Lattice Package: Visualizing Multivariate Data in R

  • Lalit Salunkhe
  • Feb 18, 2021
  • R Programming
  • Updated on: Feb 18, 2021
Lattice Package: Visualizing Multivariate Data in R title banner

Lattice is an extensive package in R developed by Deepayan Sarkar in an attempt to customize and improve visuals in R Programming. The core benefits of this package are being one that has simple default values and an ability to deal with multivariate data. 

 

The Lattice package and list of graphs it contains allow us to visualize the relationship between two and more variables in a single frame. Also, while customizing the visuals under lattice, the functions are really kept short, simple, and extensive.

 

To work with the lattice plotting system, we first need to install the package itself into the R environment. See the code below where install.packages() function allows you to install the lattice package into R.


install.packages("lattice")

 


We can access the lattice package using the library() function.


library(lattice)

 


Let us explore the graphs from the lattice package using the mtcars and the iris dataset from R. which are built-in datasets in R.

 

(Read blog: Advanced Data Visualizations in R Programming)

 

 

The Scatterplot

 

To create a scatterplot in R programming using the lattice package, we have a dedicated function named xyplots(). This function allows us to create a basic scatter plot as well as the scatterplot based on multiple variables altogether. 

 

Let us run an example where we use the mtcars data to explore the xyplot() function and its various components.


library(lattice)

attach(mtcars)

attach(iris)

#Creating factors for gears and cyl variables

#Will need those latter

factor_gear <- factor(gear, levels = c(3, 4, 5),

                      labels = c("3 gear", "4 gear", "5 gear"))

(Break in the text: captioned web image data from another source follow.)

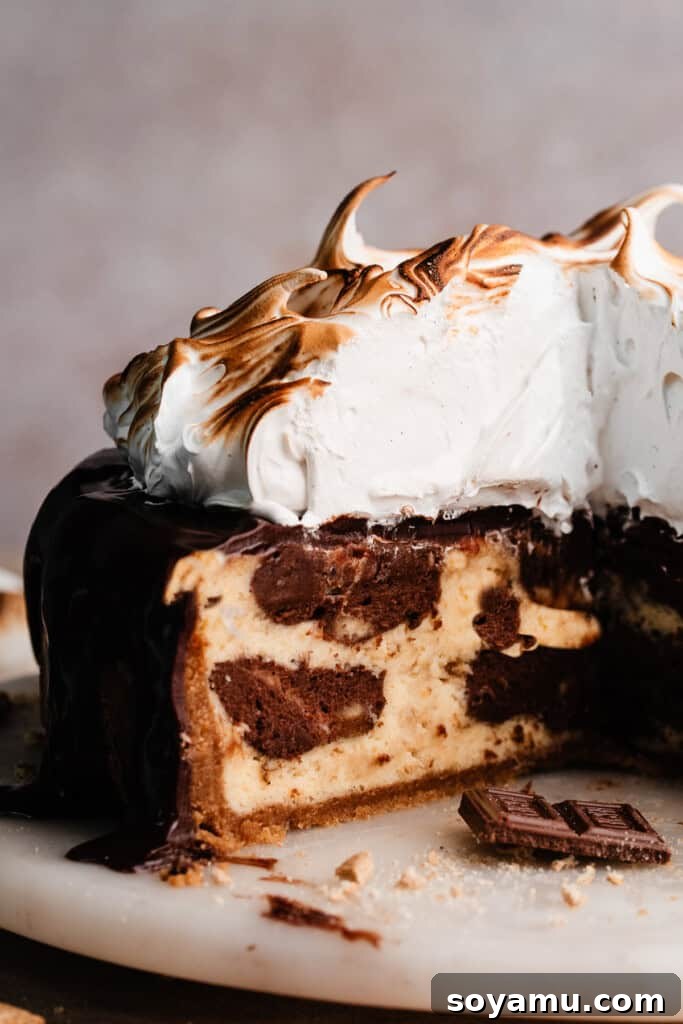 Decadent S'mores Cheesecakes with Golden Marshmallow Meringue 14 A close-up on a cross section of the inside of the cheesecake.
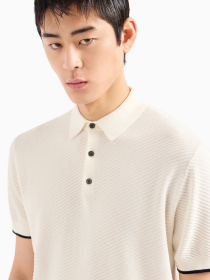 Поло Emporio Armani модель 3D1MXM-1MPGZ-F110 Фото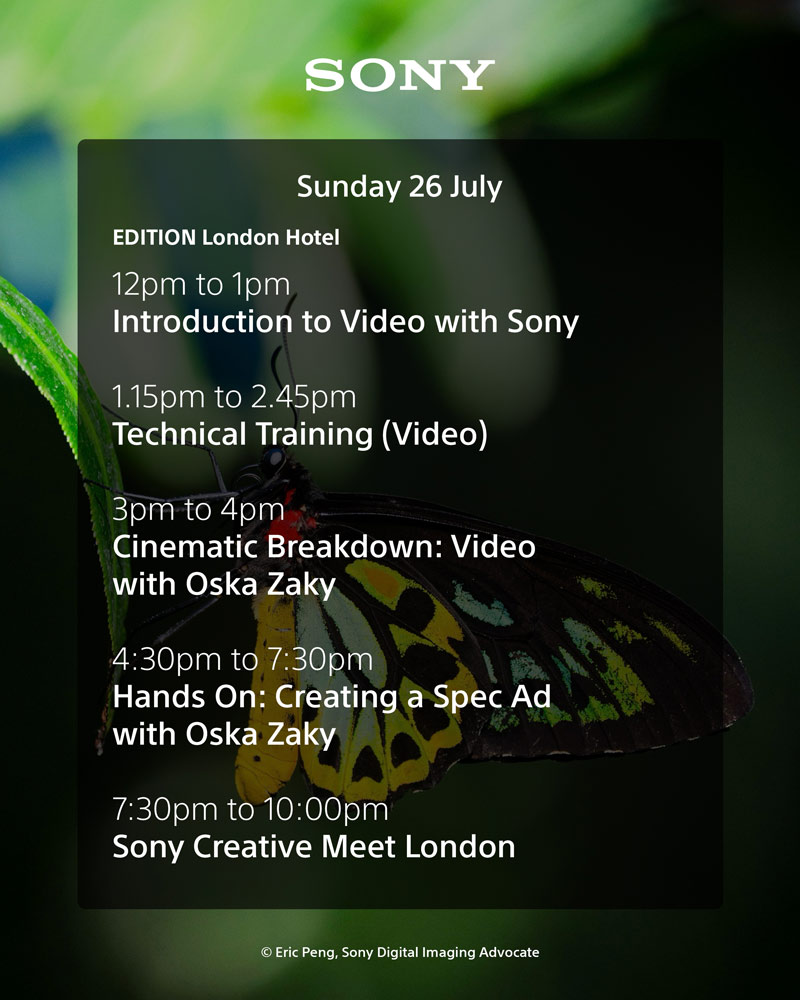 Sony Creators Week Sunday Lineup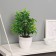 Bonsai in the pot "Auakuba premium" 20x9 cm,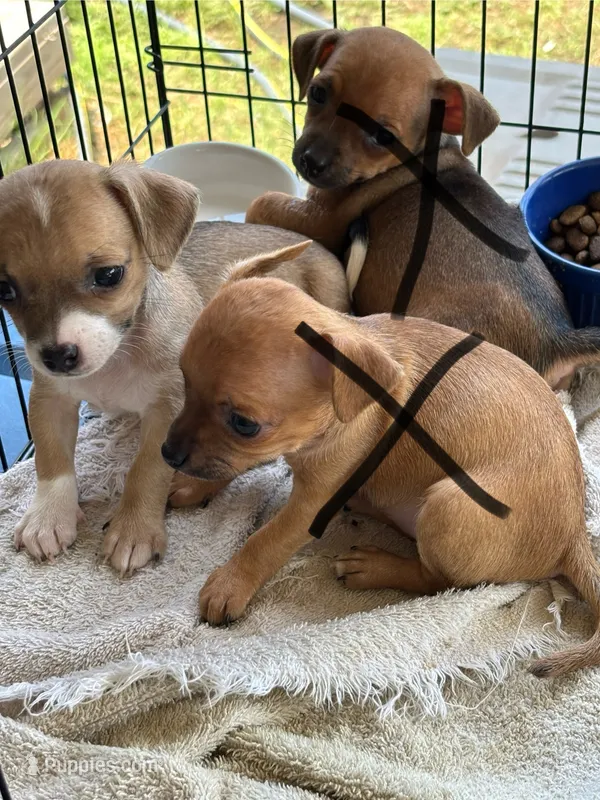 Lucy – Chihuahua puppy for sale in Blanchard, OK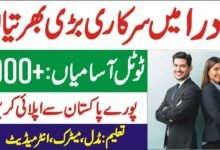 NADRA jobs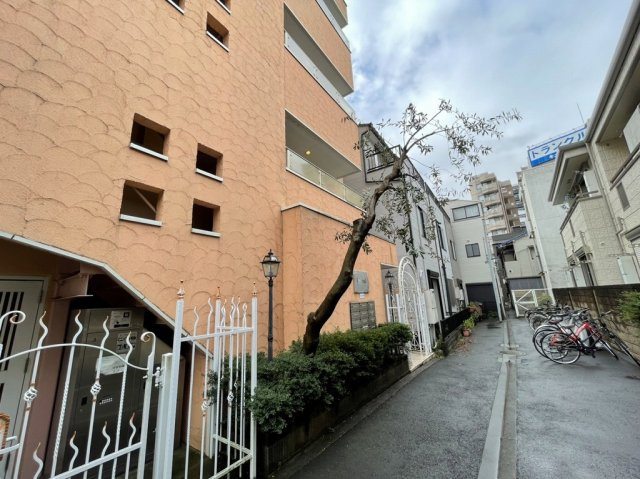 プライマル白山の周辺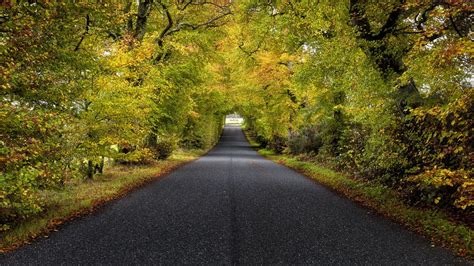 Download Wallpaper 1366x768 Trees Road Autumn Scotland Tablet Laptop Hd Background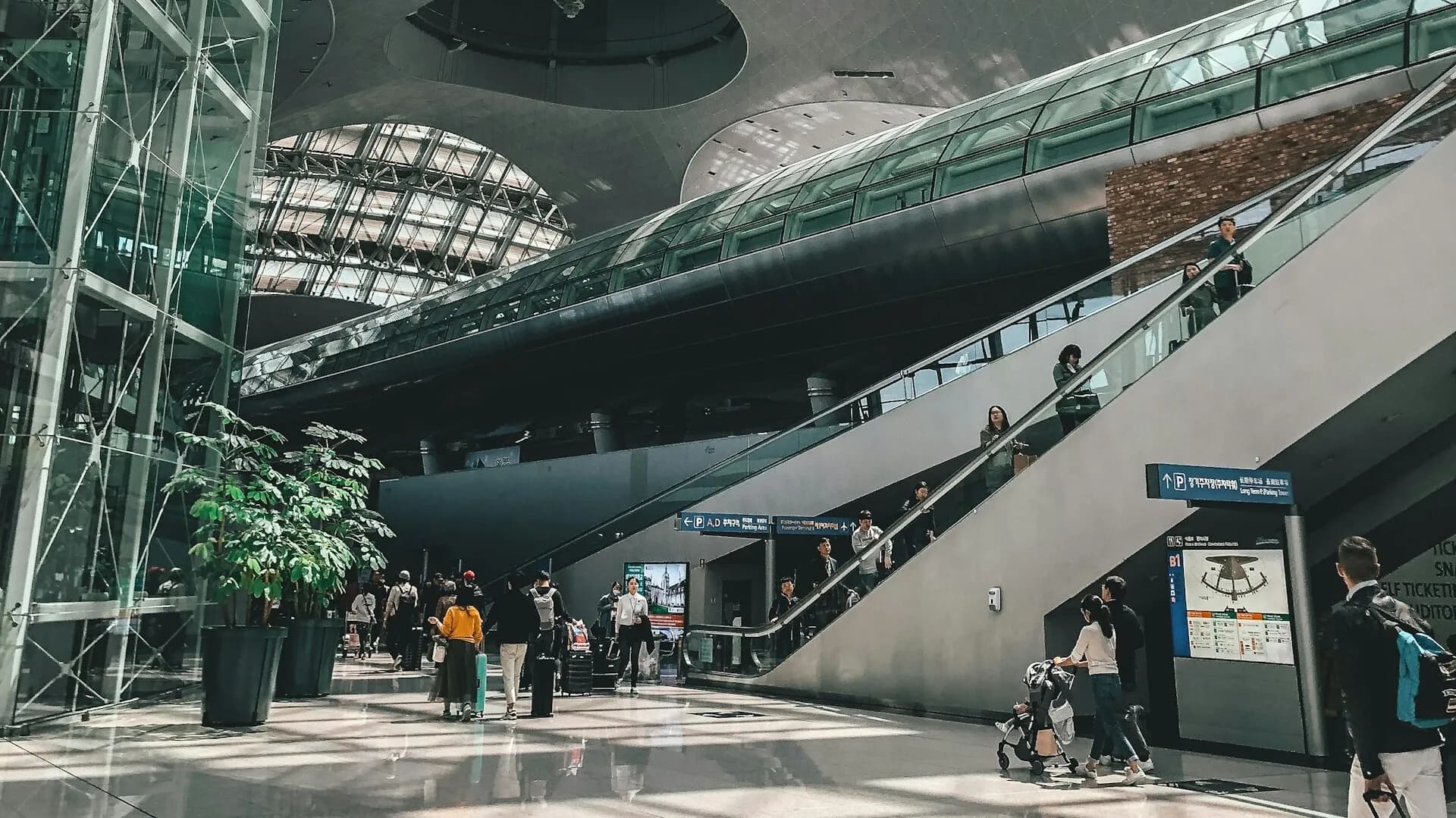 Pre-Departure Checklist & Entering Japan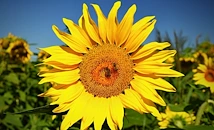 Евтин аржентински слънчоглед удари печалбите на родните зърнопроизводители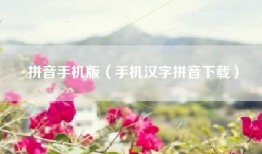 拼音手机版（手机汉字拼音下载）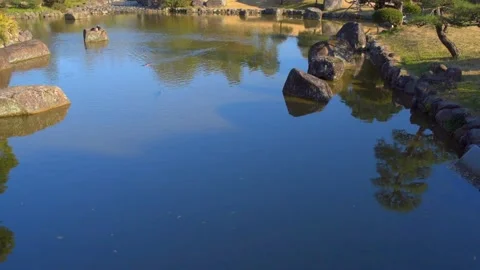 Park pond and carp Stock Footage 166338720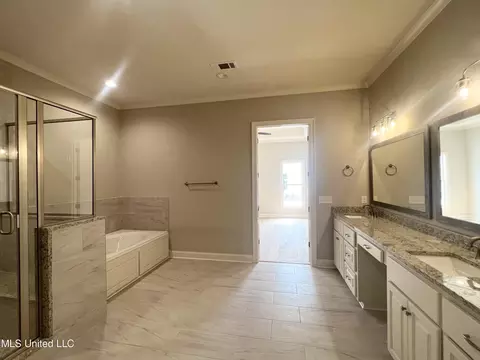 Bath - 220 Freedom Ring Dr, Brandon, MS 39047 photo 2 of 5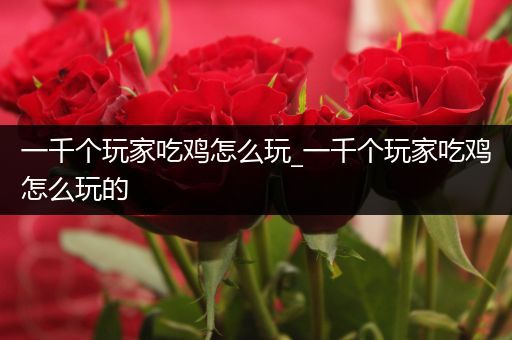 一千个玩家吃鸡怎么玩_一千个玩家吃鸡怎么玩的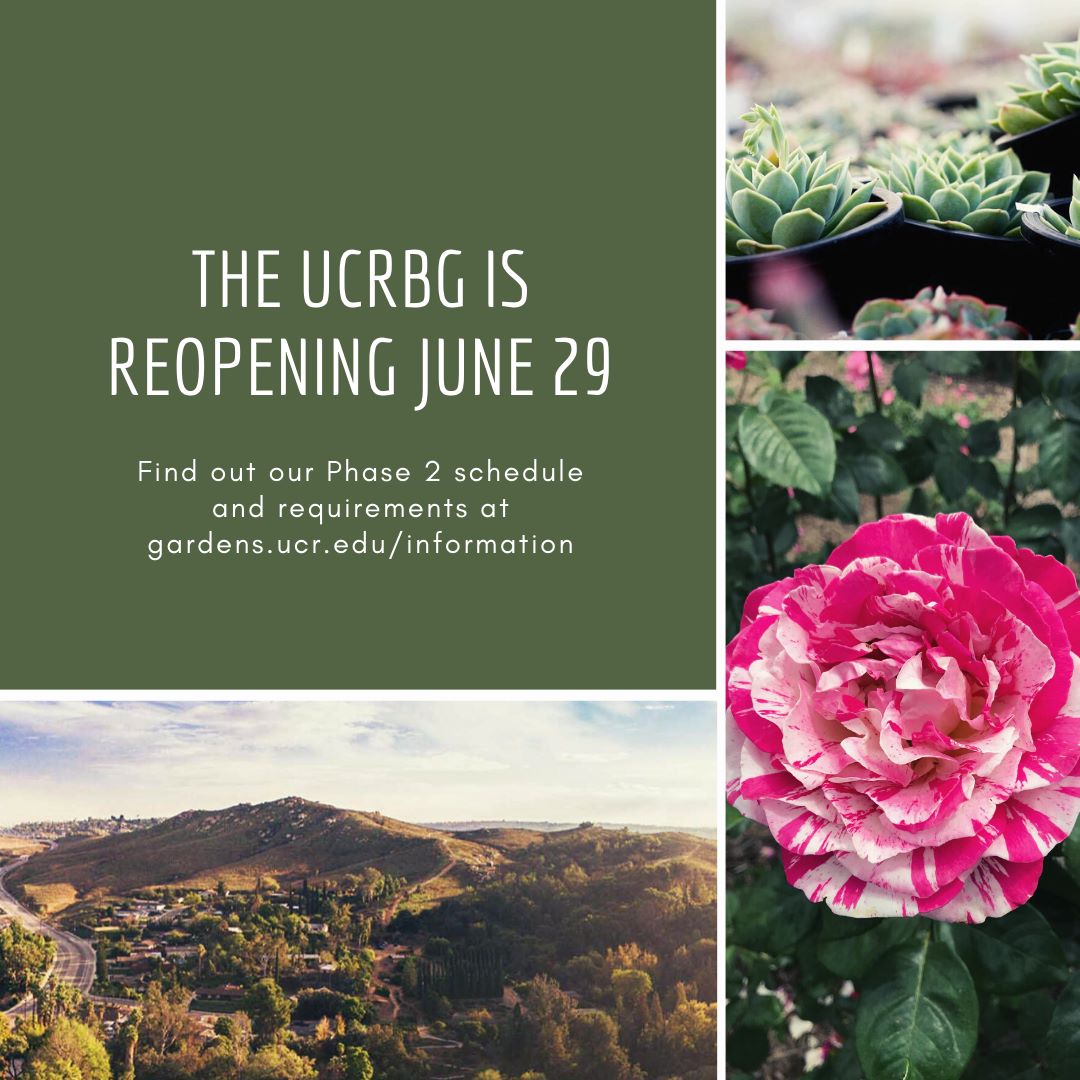 The UCRBG is reopening June 29! Find... - UCR Botanic Gardens | Facebook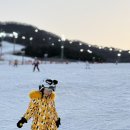 그래이스키 - 서초구 강남대로51길 10 | 초등 스키수업 2번째 ⛷️ 지우의 언니와 함께, 또 한 번 성장한 하루 ( 곤지암 리조트 ) 그래이스키강습 후기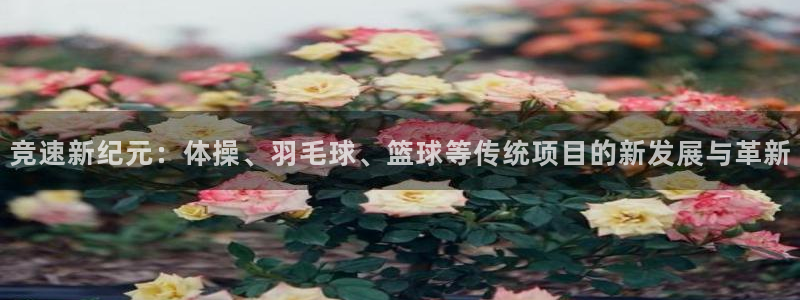 皇冠277体育：竞速新纪元：体操、羽毛球、篮球等传统项目的新发展与革新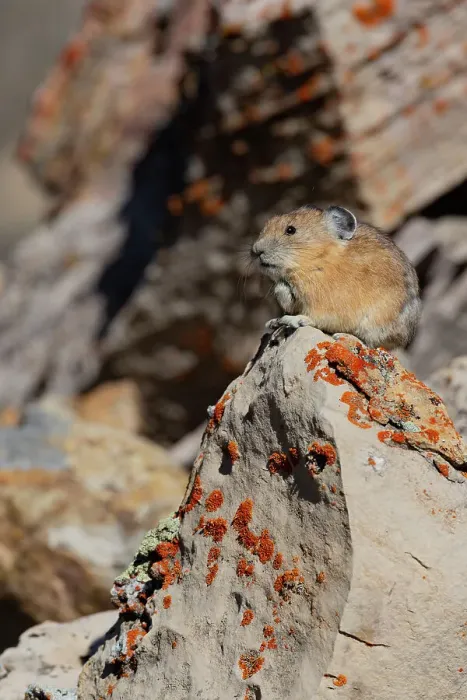 Framed Print : USA, Wyoming, Bridger Teton National Forest. North American pika in lichen covered rocks Framed Print : USA, Wyoming, Bridger Teton National Forest. North American pika in lichen covered rocks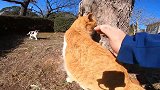 野外遇见一只流浪猫，细看是走失三年的家猫，太可怜了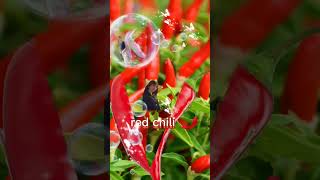 amazing red chili 🌶️#chili #vegetables #funplay #shorts #youtubeshorts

factor_cyl <- factor(cyl, levels = c(4, 6, 8),

                     labels = c("4 cyl","6 cyl", "8 cyl"))



#xy Scatter plot

xyplot(mpg~wt,

       data = mtcars)

Here, in this code, we have converted the gear and the cyl variables into factors and stored as separate variables so that those could be used in future code whenever needed. 

 

Moreover, we have used the xyplot() function in order to generate a scatter plot which will show us the relationship between mpg and wt variables.

 

The basic scatterplot looks as below:


Scatterplot using functions from lattice package


If you would have noticed, the function xyplot() has two main arguments, first is the formula (mpg~data) and second one is data (mtcars, the data we are using for creating a scatterplot). This structure remains the same throughout the lattice package for other graphs as well.

 

(Recommend blog: Packages in R Programming)

 

We can change the graph type, add title, and change the axes labels as well (basically customizing the plot) under all lattice functions. See the code as well as output graphical representation below for your reference:


#xy Scatter plot with customization

xyplot(mpg~wt,

       data = mtcars,

       type = c("p", "r"),

       main = "Relation between wt and mpg",

       xlab = "Weight in lbs",

       ylab = "Miles/Gallon (US)")

Here, in this code - 

  • The type = argument specifies what type of scatter plot should be shown. “P” stands for data points that should be shown on a graph screen, “r” specifies we need the regression line to be shown on the graph as well. Therefore, we have combined them both with the c().

  • The main = argument specifies the main title for the graph

  • The xlab =  and ylab = arguments are developed in order to align the axes labels for the x-axis and the y-axis respectively.

 

See the output as shown below:


Customizing visuals in R under functions from lattice package.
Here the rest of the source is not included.